8. Quantization
This matters because deployment constraints are often about latency and memory, not just accuracy. Focus on the simplest quantization path first and on how to compare outputs without pretending they will be identical.
[ ]:
import copy
import torch
from torch import nn
torch.manual_seed(41)
model = nn.Sequential(nn.Linear(16, 32), nn.ReLU(), nn.Linear(32, 4)).eval()
example = torch.randn(8, 16)
float_output = model(example)
8.1. Dynamic quantization
Only the linear layers are quantized here.

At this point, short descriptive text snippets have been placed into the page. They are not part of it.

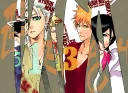 Bleach: Warring Kingdoms banner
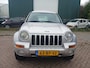 Jeep Cherokee 2.8 CRD Sport Plus HR 1e Eigenaar Cruise Airco Automaat Leder Stoelen Stoel Verwarming Mist Lamp Voor Elk Ramen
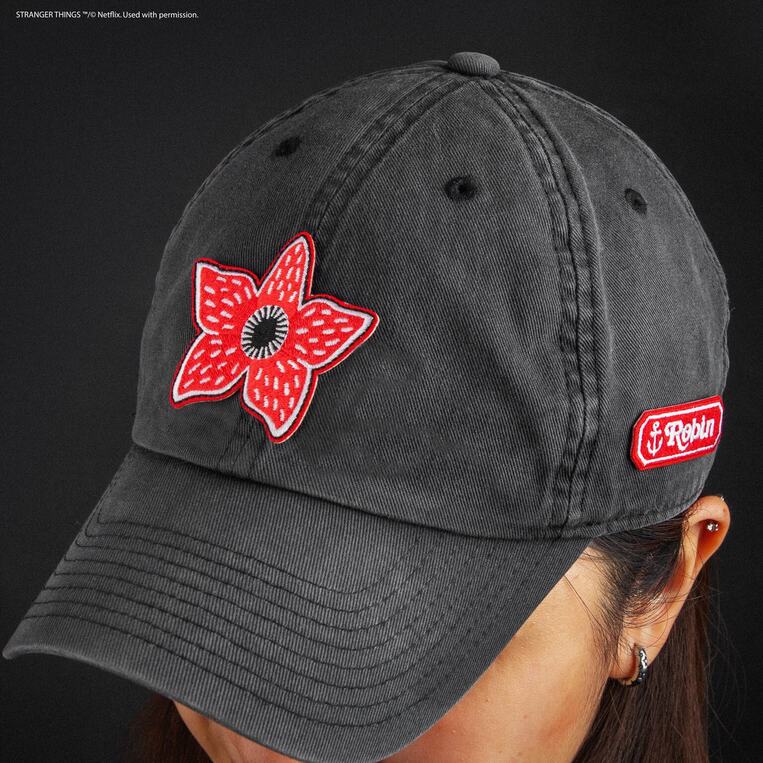 Stranger Things Set of 7 patches Hawkins - CR2280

Activations are quantized dynamically at runtime.
[ ]:
quantized_model = torch.ao.quantization.quantize_dynamic(copy.deepcopy(model), {nn.Linear}, dtype=torch.qint8)
quantized_output = quantized_model(example)
print(type(quantized_model[0]).__name__)
print(torch.max(torch.abs(float_output - quantized_output)).item())
assert quantized_output.shape == float_output.shape
8.2. Parameter footprint
Quantized weights usually reduce serialized size even when outputs stay numerically close.
[ ]:
float_path = './output/float-model.pt'
quantized_path = './output/quantized-model.pt'
torch.save(model.state_dict(), float_path)
torch.save(quantized_model.state_dict(), quantized_path)
print(float_path, quantized_path)